Fraction Simplification

[math2010]

Homework Statement

How do I simplify the following

$$\frac{\sqrt[3]{m^2+m} . \sqrt{1+m^2}}{\sqrt{1+m^2}.\sqrt{1+m^2}}$$

The Attempt at a Solution

I know that the denominator will be $$1+m^2$$ but I don't know how to simplify the numerator. Can anyone show me how?

 

[Anonymous217]

Try writing out the powers as a fraction. That is, let the square roots be ^(1/2) and such. It'll be easier to see as you just add the fractions.

 

[math2010]

Try writing out the powers as a fraction. That is, let the square roots be ^(1/2) and such.
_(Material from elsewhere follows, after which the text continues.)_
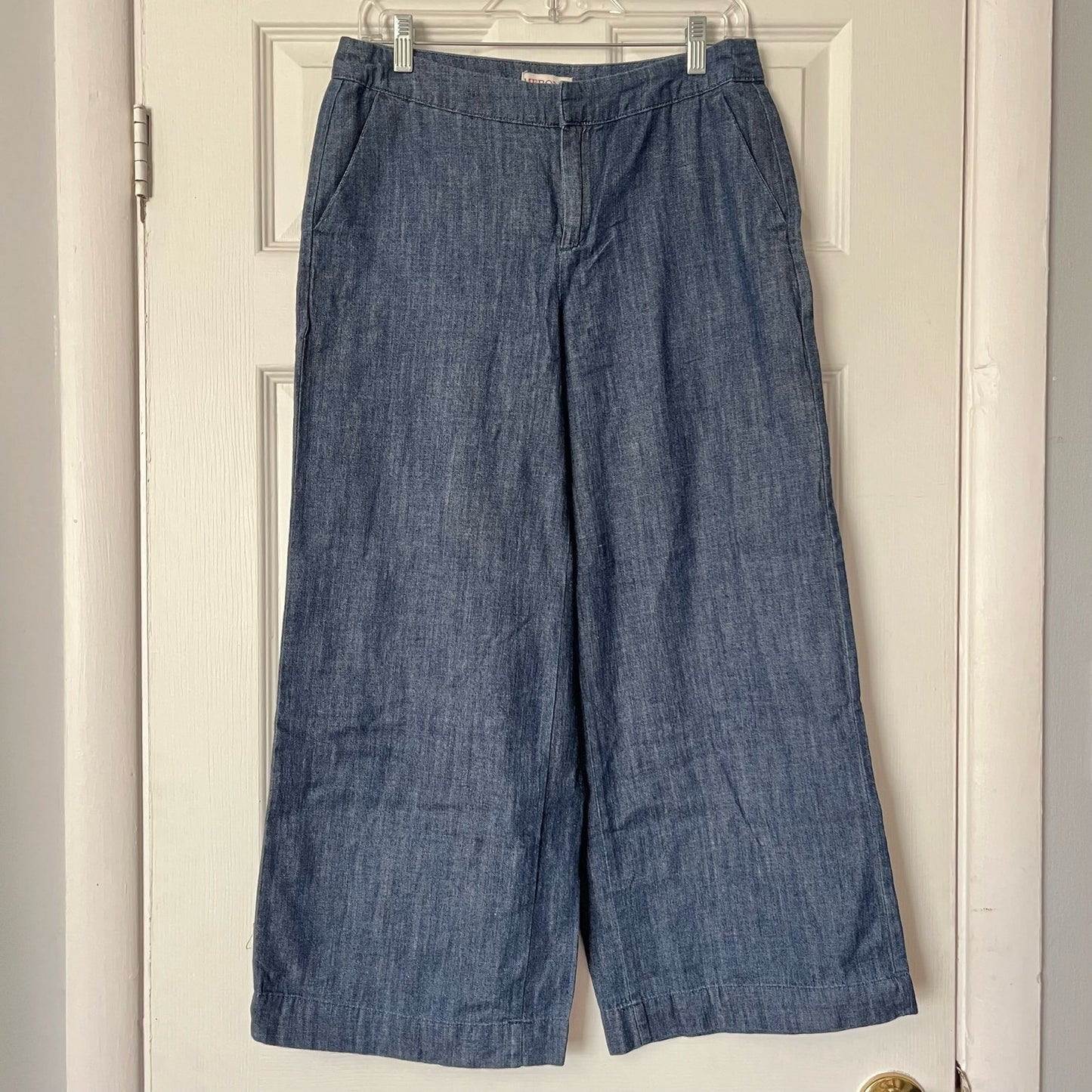 Merona Lightweight Denim Pants - Size 4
It'll be easier to see as you just add the fractions.

It doesn't seem to change much

$$\frac{(m^2+m)^{\frac{1}{3}} . (1+m^2)^{\frac{1}{2}}}{1+m^2}$$

Should we just add the powers, and what about the terms?

 

[Anonymous217]

What's 1/3 + 1/2?

 

[Mark44]

What's 1/3 + 1/2?

I don't see how that is applicable in this problem. If I'm understanding you correctly, you are trying to convince us that a^1/3b^1/2 can somehow be combined.

 

[Mark44]

It doesn't seem to change much

$$\frac{(m^2+m)^{\frac{1}{3}} . (1+m^2)^{\frac{1}{2}}}{1+m^2}$$

Should we just add the powers, and what about the terms?

I think this is about all you can do by way of simplification. The two factors in the numerator have different bases, so can't be combined.

 

[Matterwave]

Are you sure the first term is m^2+m not m^3+m? cus then, you could factor out an m and go from there.

Otherwise, I see no way of simplifying this expression other than canceling out one sqrt(1+m^2) from top and bottom.